C’est pourquoi, la FIDH s’est félicitée de l’adoption par les députés ivoiriens des 14 textes de loi issus des accords de Linas- Marcoussis dont celui extrêmement sensible sur la révision de l’article 35 de la Constitution concernant les conditions d’éligibilité à la Présidence de la République. La promulgation de cette révision par le chef de l’Etat est essentielle à la mise en route d’un processus électoral démocratique.

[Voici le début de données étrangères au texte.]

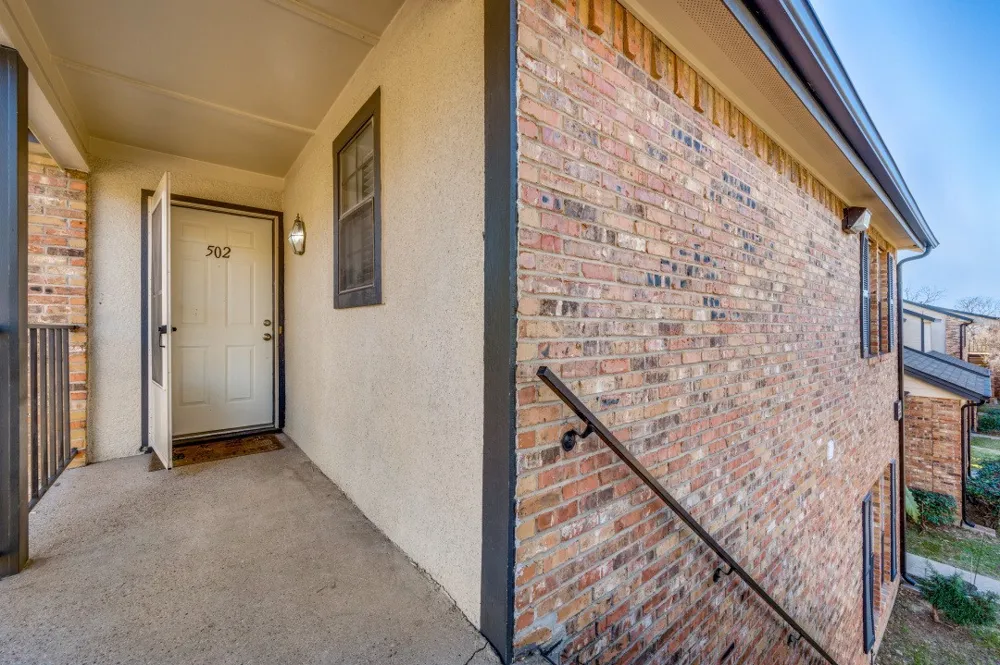 2835 Keller Springs #502 Carrollton, TX 75006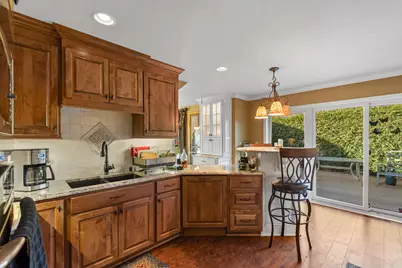 5405  Somerset Ln, Greenfield, WI 53221 - Photo 10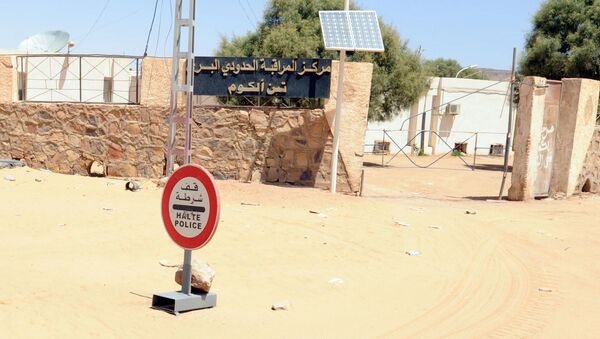 Poste frontière de Tinalkoum, entre la Libye et l'Algérie. - Sputnik Afrique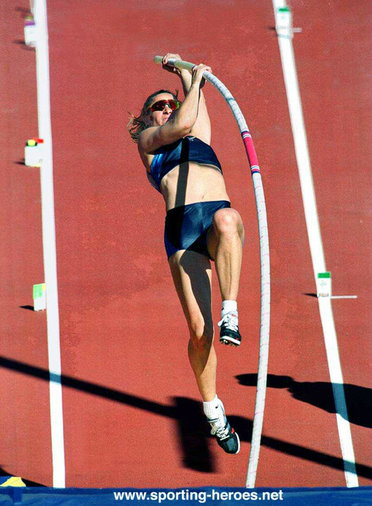 Stacey Dragila - U.S.A. - Olympic and World Champion in the pole vault.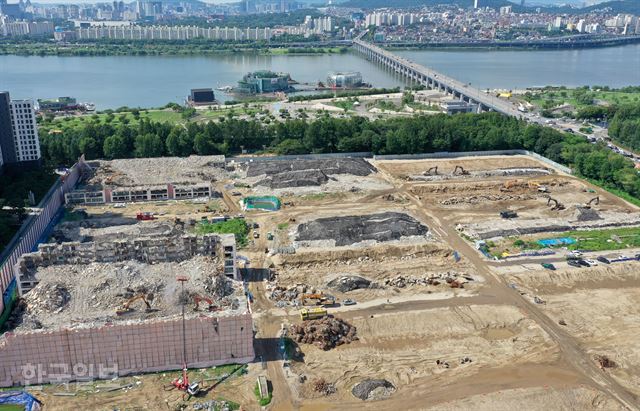 지난 8월 서울 서초구 신반포 3차 및 경남 아파트 재건축 공사 현장 모습. 홍인기 기자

En revanche, la FIDH conteste la résolution prise le 10 janvier 2005 par le Conseil de Paix et de Sécurité de l’Union africaine (UA), demandant un recours au référendum sur la révision de l’article 35. Ce mode de révision attiserait assurément le conflit entre les parties.

La FIDH s’est également félicitée de la décision des forces rebelles de commencer en décembre 2004 le désarmement de ses troupes conformément aux accords de paix.

La FIDH demande à la Commission des droits de l’Homme d’adopter une résolution sur la situation des droits de l’Homme en Côte d’Ivoire qui :

1.Décide la mise en place d’un mécanisme de surveillance de la situation des droits de l’Homme en Côte d’Ivoire avec pour mandat de faire le suivi du rapport de la Commission d’enquête internationale

2.Prie les autorités ivoiriennes d’inviter l’ensemble des mécanismes thématiques de la Commission

3.Reprend les recommandations du rapport de la « Commission d’enquête internationale sur la situation des droits de l’Homme en Côte d’Ivoire depuis le 19 septembre 2002 jusqu’au 15 octobre 2004 » présenté à cette session en demandant :

Aux parties en conflit

 d’œuvrer en vue d’un retour rapide à la paix et à la réunification du pays en appliquant strictement les accords de Linas Marcoussis et d’Accra III.
 d’œuvrer à la mise en place d’un processus électoral démocratique, conformément aux disposition de l’article 25 du Pacte international relatif aux droits civils et politiques, notamment en assurant la liberté d’expression et l’égal accès aux médias des différents partis.
 de renoncer au recours et à l’usage de la force comme moyen de règlement des conflits.
 de procéder sans délai ni condition au désarmement, à la démobilisation et à la réintégration des combattants.
 de respecter strictement l’embargo décidé par le Conseil de sécurité et de cesser de se réarmer.
 de protéger les populations civiles et de condamner les exactions commises par leurs forces.
 de poursuivre et juger, conformément aux dispositions des conventions internationales de protection des droits de l’Homme les personnes suspectées d’avoir commis de graves violations des droits de l’Homme et de droit international humanitaire.
A la communauté internationale
 de se conformer strictement aux résolutions du Conseil de sécurité notamment sa résolution 1572 du 15 novembre 2004 concernant l’embargo sur les ventes d’armes à toutes les parties.
 de soutenir les efforts de médiation entrepris par le président Thabo Mbeki en vue de relancer le processus de paix, sous le mandat de l’Union africaine.
 de soutenir la mise en place d’un processus électoral démocratique conforme aux dispositions de l’article 25 du Pacte international relatif aux droits civils et politiques.

Au procureur de la Cour pénale internationale

 d’ouvrir une enquête sur la situation en Côte d’Ivoire en se fondant sur la saisine ad hoc de la Cour par les autorités ivoiriennes le 1er octobre 2003 conformément à l’article 12 du Statut de Rome.